The club confirmed after its April 19 annual meeting in the basement of city hall that it would send a team to St. Louis, which besides holding the Olympic Games was the host city for the 1904 World’s Fair.
On behalf of the executive committee, past club president Smith congratulated the senior team for its uphill fight to regain the senior lacrosse championship of Western Canada. Although the team was unsuccessful, Smith said the ’Pegs made a “credible showing,” in the city championship final despite losing to the Winnipeg Shamrocks.
During the 1903 season, the Winnipegs were not among the best local teams. The ’Pegs won only four exhibition games, tied another and lost six, with their opponents outscoring the team 78-63. Among the teams defeating the Winnipegs in an exhibition match was a “strong aggregate” from Souris, Manitoba. At the time, Souris had one of the best lacrosse teams in the province.
The ’Pegs split a September 1903 two-game exhibition series in St. Paul, Minnesota, winning the first game 11-8, but losing the final game 10-8. The last game was noted for the defection of goaltender Haines, “the crack Winnipeg player,” to the St. Paul side. It was reported that Haines played a significant role in the defeat of the Winnipeg lacrosse team by St. Paul.

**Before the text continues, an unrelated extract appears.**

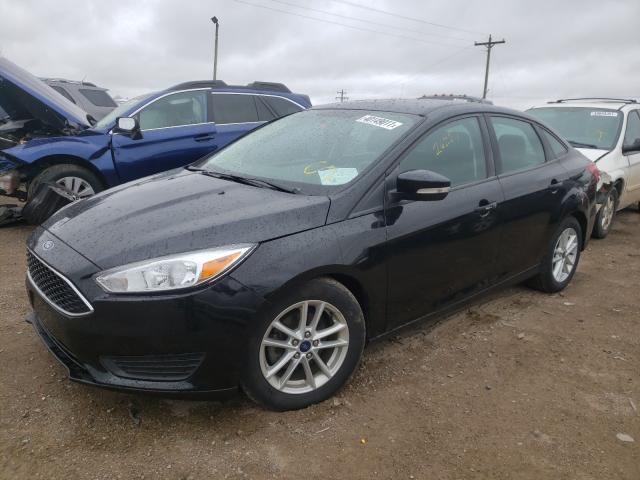 Photo 1 VIN: 1FADP3F21GL390404 - FORD FOCUS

While the ’Pegs had a lacklustre record in 1903, the Winnipeg Shamrocks were the Western Canada Lacrosse Association champions and as such regarded as the best senior team in the city and province.
The Shamrocks club had completed only the second year of its existence by 1903, but had already been crowned city champions for two years in a row. In 1903, the team won the Hudson’s Bay Trophy (winner of Canada and northwest U.S. competition, primarily contested by Manitoba teams against St. Paul), the Drewry Cup (WCLA champions — more correctly a provincial championship as only Manitoba teams then belonged to the WCLA formed in 1896) and the Commonwealth Shield (Winnipeg champions) “with the loss of only one game and a record of scoring nearly three times as many goals against the teams as was scored against us,” reported club president Dunc Cameron.

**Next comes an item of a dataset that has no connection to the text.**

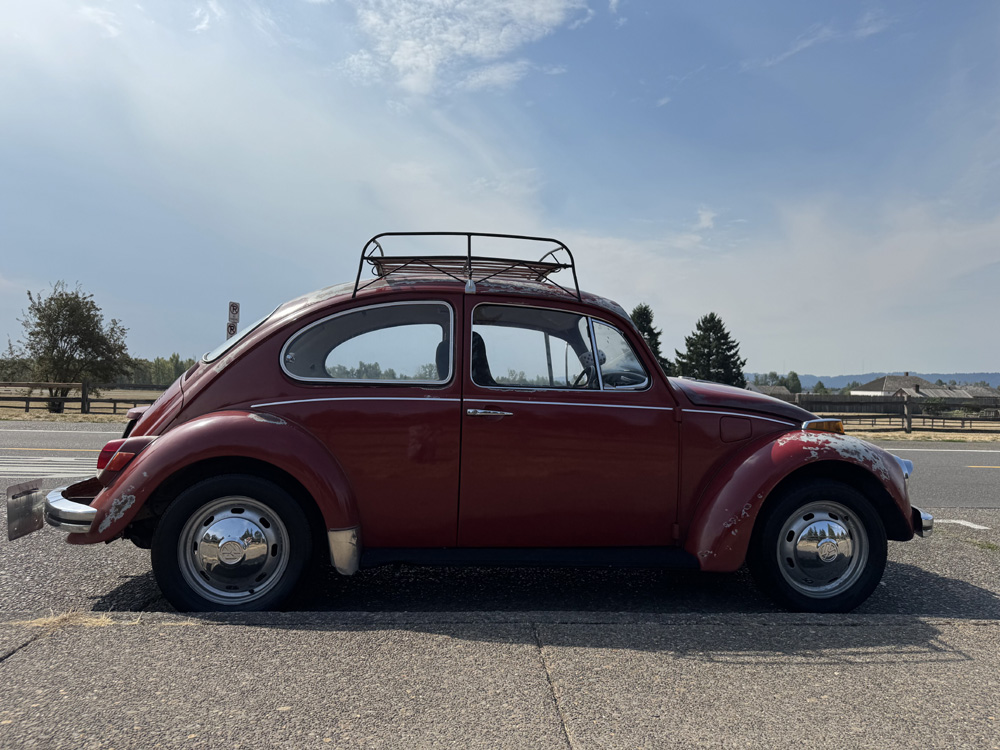 Red Volkswagen Beetle parked on a rural roadside with roof rack and worn paint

As the top-ranked local team, the Shamrocks initially considered challenging for the Minto Cup instead of going to St. Louis.

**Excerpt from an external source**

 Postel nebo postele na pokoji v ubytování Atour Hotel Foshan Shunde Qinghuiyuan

The Minto Cup was donated on May 31, 1901, by Canadian Governor General Lord Minto and was awarded annually to the best senior amateur lacrosse team in Canada. Similar to the initial years of the Stanley Cup then awarded to the best amateur senior hockey team in Canada, any club could challenge for the cup, although the challengers and dates of competition were decided upon by the Minto Cup trustees.
In its early years, just one Manitoba challenge was accepted for the Minto Cup, which after 1910 became the trophy for the professional lacrosse championship of Canada and in the 1930s the trophy for the Canadian junior men’s lacrosse championship.
In 1905, the Souris lacrosse club lost its Minto Cup challenge to the Montreal Shamrocks.
At the Winnipeg Shamrocks’ annual meeting, the lacrosse club reversed its earlier position and said it would defer its Minto Cup challenge and compete at the Olympics.
In March, club secretary Howard Carper in March had tried to think of ways to involve the Shamrocks in both the Minto Cup and the Olympics in St. Louis, but had trouble juggling a schedule for both events.
He told reporters the World’s Fair trip looked particularly enticing to the Shamrocks since “the championship of America would be involved, and “the United States clubs that will compete there do not look at all formidable ...”
The lacrosse tournament in St. Louis was “billed (as) the world’s championship, but which in reality (will) be only the championship of the United States,” commented the Telegram, “though a trifle like that never bothers our American cousins, accustomed as they are to calling everything by similar high sounding but little meaning titles.”
The newspaper claimed the true world champions were the Montreal Shamrocks.
“That the (Winnipeg) Shamrocks can win at the Saintly City (St. Louis) seems a foregone conclusion for none of the American teams has shown much better than intermediate form,” concluded the Telegram.
The Manitoba Free Press added, “the boys are in good shape and fully expect to bring home the World’s Fair championship and medals.”
The newspaper welcomed the addition of a Winnipeg team to the World’s Fair lacrosse competition, as it “will do much to bring the name of the city before the visiting public ... and will certainly be a good advertisement for our western city.”
Civic leaders reasoned the fair was the most popular event scheduled for 1904. Their confidence in the fair as a “good advertisement” was well-founded as the exposition eventually attracted over 20-million people.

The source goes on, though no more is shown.